(Short web captions)
..............................

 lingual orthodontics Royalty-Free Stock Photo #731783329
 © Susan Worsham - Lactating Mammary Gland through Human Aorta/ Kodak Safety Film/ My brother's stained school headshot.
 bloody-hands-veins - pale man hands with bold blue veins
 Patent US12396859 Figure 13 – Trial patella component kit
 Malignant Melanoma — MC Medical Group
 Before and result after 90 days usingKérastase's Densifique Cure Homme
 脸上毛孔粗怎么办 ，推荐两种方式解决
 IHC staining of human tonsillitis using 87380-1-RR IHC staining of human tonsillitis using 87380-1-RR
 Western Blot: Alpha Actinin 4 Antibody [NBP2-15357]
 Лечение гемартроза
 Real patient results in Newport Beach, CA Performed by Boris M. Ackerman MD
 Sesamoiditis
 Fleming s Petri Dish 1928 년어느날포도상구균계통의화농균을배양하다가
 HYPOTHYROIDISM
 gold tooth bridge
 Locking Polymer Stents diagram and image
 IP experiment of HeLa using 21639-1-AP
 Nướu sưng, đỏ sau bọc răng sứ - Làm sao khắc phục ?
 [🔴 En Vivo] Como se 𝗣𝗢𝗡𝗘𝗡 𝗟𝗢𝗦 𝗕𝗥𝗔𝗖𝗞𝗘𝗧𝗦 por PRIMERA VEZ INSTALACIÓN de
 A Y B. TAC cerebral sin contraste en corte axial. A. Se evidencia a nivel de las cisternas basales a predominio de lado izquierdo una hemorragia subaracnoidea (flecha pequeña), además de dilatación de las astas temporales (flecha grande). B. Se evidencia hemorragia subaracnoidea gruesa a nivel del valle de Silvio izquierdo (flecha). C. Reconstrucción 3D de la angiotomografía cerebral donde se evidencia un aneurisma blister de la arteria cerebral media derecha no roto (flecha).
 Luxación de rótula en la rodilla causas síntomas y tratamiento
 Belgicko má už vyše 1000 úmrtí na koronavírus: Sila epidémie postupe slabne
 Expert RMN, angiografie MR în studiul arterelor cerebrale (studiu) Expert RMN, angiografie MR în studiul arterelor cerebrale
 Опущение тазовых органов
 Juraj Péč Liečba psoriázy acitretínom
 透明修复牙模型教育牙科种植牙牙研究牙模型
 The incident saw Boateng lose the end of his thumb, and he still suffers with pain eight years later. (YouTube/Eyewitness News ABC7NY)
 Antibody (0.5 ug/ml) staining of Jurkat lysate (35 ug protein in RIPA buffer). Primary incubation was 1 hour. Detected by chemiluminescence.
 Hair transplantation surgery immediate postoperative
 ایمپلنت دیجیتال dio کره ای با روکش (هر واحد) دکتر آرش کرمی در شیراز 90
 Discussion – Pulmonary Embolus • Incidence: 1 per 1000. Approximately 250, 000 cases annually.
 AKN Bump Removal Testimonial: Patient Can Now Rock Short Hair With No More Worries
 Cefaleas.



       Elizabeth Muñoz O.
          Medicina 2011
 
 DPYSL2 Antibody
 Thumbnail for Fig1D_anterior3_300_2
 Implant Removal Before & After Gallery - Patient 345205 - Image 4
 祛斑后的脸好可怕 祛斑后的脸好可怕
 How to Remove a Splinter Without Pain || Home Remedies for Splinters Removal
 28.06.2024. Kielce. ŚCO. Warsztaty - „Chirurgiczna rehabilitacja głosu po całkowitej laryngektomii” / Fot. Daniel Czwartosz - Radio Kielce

..............................

Work instruction
Read through the lines above and collect those that contain the string "Antibody".

Response for this exercise
 Western Blot: Alpha Actinin 4 Antibody [NBP2-15357]
 Antibody (0.5 ug/ml) staining of Jurkat lysate (35 ug protein in RIPA buffer). Primary incubation was 1 hour. Detected by chemiluminescence.
 DPYSL2 Antibody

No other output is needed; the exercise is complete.